Out-Law News 3 min. read

'Pragmatic' dismissal of break clause appeal restores certainty to landlords, says expert


Marks and Spencer (M&S) is not entitled to recover rent and other charges covering the period after it exercised a break clause in the lease for its former head office, the UK's highest court has confirmed.

Property law expert Ian Whitehead of Pinsent Masons, the law firm behind Out-Law.com, said that landlords would be welcoming the certainty brought about by   the Supreme Court's unanimous judgment. By dismissing the retailer's claim, the court had "reaffirmed that terms will not be implied into commercial agreements lightly", he said.

"The court refused M&S's invitation to overturn the 1900 case of Ellis v Rowbotham, which clearly established that the 1870 Apportionment Act does not apply to rent payable in advance," he said. "The threshold for implying terms into contracts is a high one and it will only be appropriate for the court to do so where the test of business necessity has been satisfied or where the term is so obvious that it goes without saying."

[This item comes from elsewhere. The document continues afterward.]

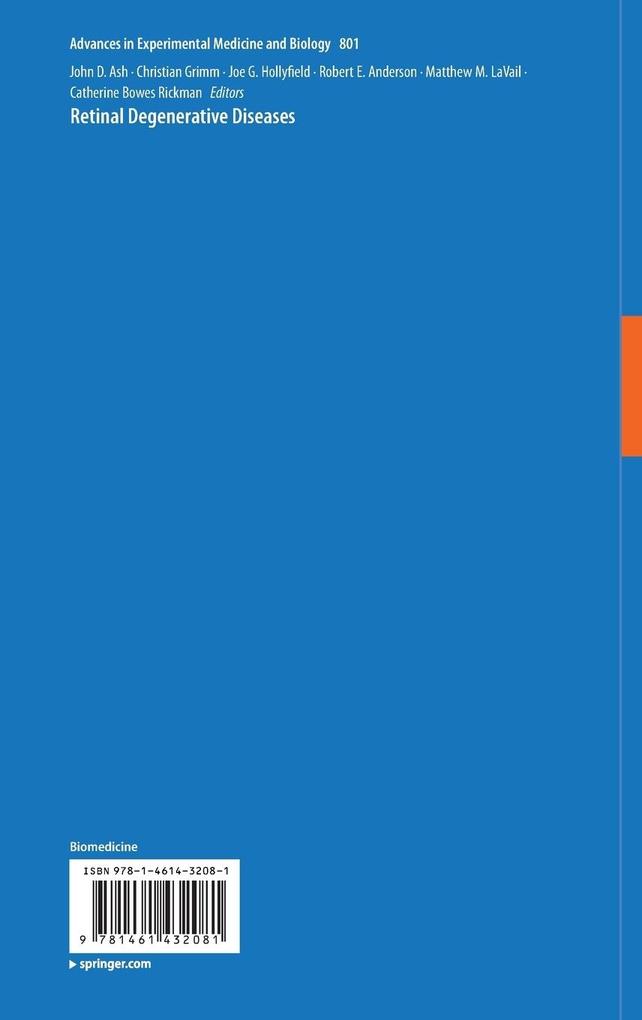 Weitere Ansicht: Retinal Degenerative Diseases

"In this case, the landlord and tenant contracted against the established legal background that a term would not be implied by statute or common law which would entitle the tenant to a refund of rent. The original decision in the High Court seemed to open the door for tenants to claim back 'overpayments' of rent, and some occupiers may be disappointed that this door has now firmly been closed," Whitehead said.

The dispute arose when M&S took advantage of a conditional break clause to bring its lease of four floors of an office building in Paddington, central London to an end on 24 January 2012 rather than continuing its tenancy until February 2018. However this date fell in the middle of its quarterly rent period, and it had already paid rent, insurance, a car park licence fee and a service charge in relation to the full quarter to its landlord, BNP Paribas, in advance of the break date.

In 2013 a High Court judge agreed with M&S that although the leases did not expressly provide that sums relating to the period after the break should be repaid after the break clause was exercised, such a term should be implied since a reasonable person would infer this from the lease. This was overturned last year by the Court of Appeal. Five Supreme Court judges have now unanimously backed the Court of Appeal's reasoning, and confirmed that terms can only be implied into commercial leases when it is "necessary" and not merely "reasonable" to do so.

In his leading judgment, Lord Neuberger said that previous judgments on implied terms had been "clear, consistent and principled". Similarly, laws governing the "apportionability" of rent payable in advance had "long been well established", he said.

"The fact that the lease was negotiated against the background of a clear, general (and correct) understanding that rent payable in advance was not apportionable in time, raises a real problem for the argument that a term can be implied into the lease that it should be effectively apportionable if the lease is prematurely determined in accordance with its terms." .

"Save in a very clear case indeed, it would be wrong to attribute to a landlord and a tenant, particularly when they have entered into a full and professionally drafted lease, an intention that the tenant should receive an apportioned part of the rent payable and paid in advance, when the non-apportionability of such rent has been so long and clearly established. Given that it is so clear that the effect of the case-law is that rent payable and paid in advance can be retained by the landlord, save in very exceptional circumstances (e.g. where the contract could not work or would lead to an absurdity) express words would be needed before it would be right to imply a term to the contrary," he said.

"The court's decision is pragmatic and landlords will be breathing a sigh of relief," said property law expert Ian Whitehead. "They are now unlikely to face a barrage of claims from those tenants who have been watching M&S's claim progress with interest: as this case illustrates, the sums at stake in break clauses can be significant, particularly where central London property is concerned."

"In all cases, the starting point for determining whether the tenant has any right to recover rent will be the lease. We would always recommend that tenants entering into new leases discuss overpayments with their landlords so that the lease can cater for either a repayment or for a final, proportionate payment up to the break date to be made," he said.